Below are records to repeat exactly; copy them without the pictures.

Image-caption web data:
▽
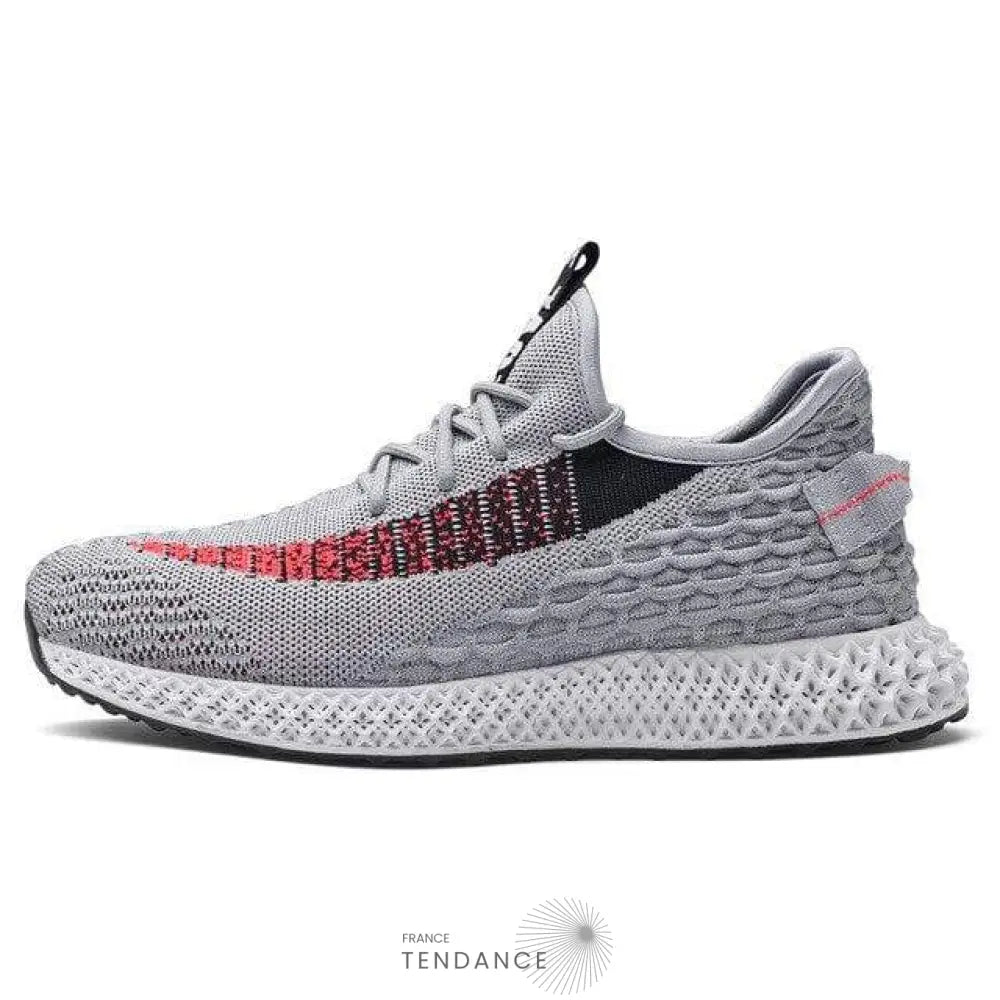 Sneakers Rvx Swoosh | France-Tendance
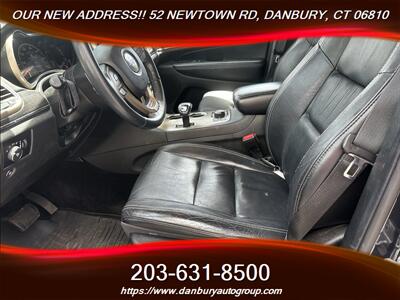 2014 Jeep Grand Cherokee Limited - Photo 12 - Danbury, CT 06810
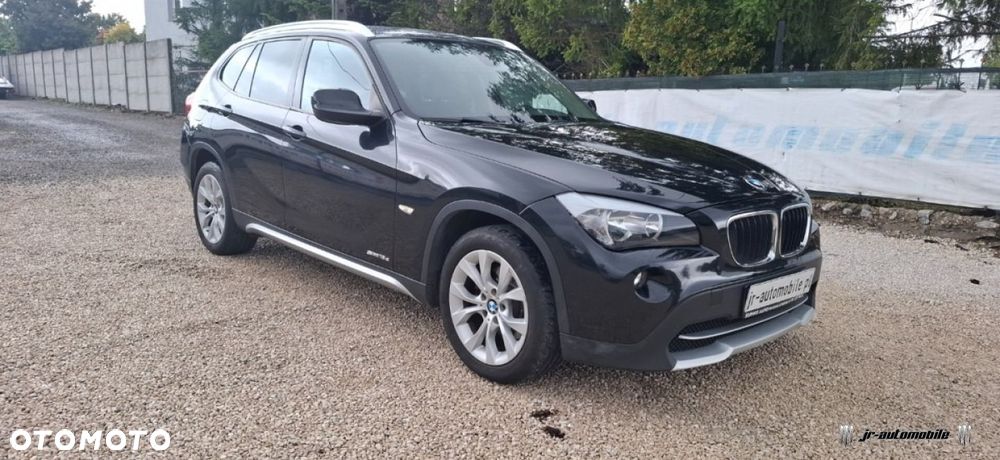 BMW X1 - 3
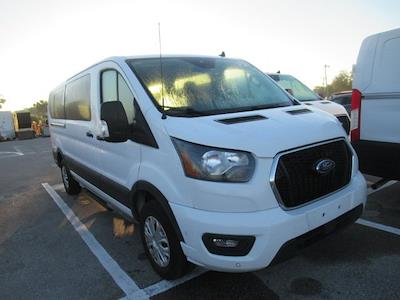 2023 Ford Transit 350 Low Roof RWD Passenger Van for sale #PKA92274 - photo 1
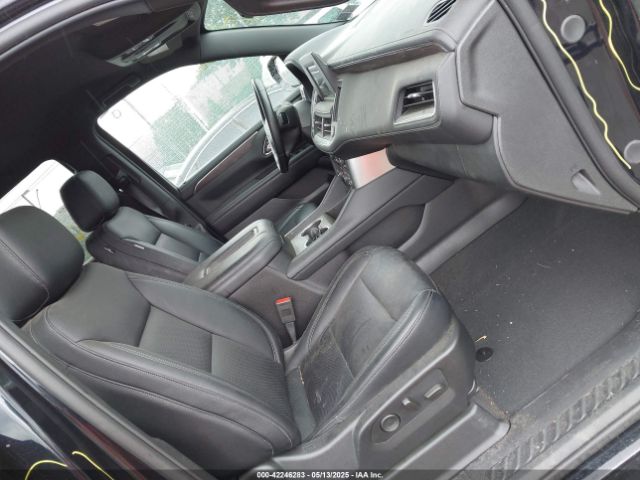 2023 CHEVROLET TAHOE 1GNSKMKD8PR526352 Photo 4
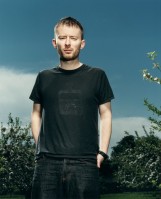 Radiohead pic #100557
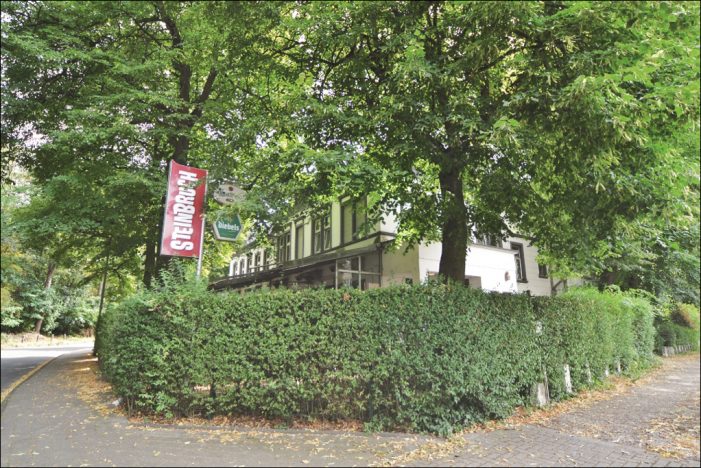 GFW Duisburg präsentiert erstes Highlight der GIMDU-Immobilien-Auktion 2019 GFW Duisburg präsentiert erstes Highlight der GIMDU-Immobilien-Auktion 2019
△
- **YOUR SOLUTION**:
 Sneakers Rvx Swoosh | France-Tendance
 2014 Jeep Grand Cherokee Limited - Photo 12 - Danbury, CT 06810
 BMW X1 - 3
 2023 Ford Transit 350 Low Roof RWD Passenger Van for sale #PKA92274 - photo 1
 2023 CHEVROLET TAHOE 1GNSKMKD8PR526352 Photo 4
 Radiohead pic #100557
 GFW Duisburg präsentiert erstes Highlight der GIMDU-Immobilien-Auktion 2019 GFW Duisburg präsentiert erstes Highlight der GIMDU-Immobilien-Auktion 2019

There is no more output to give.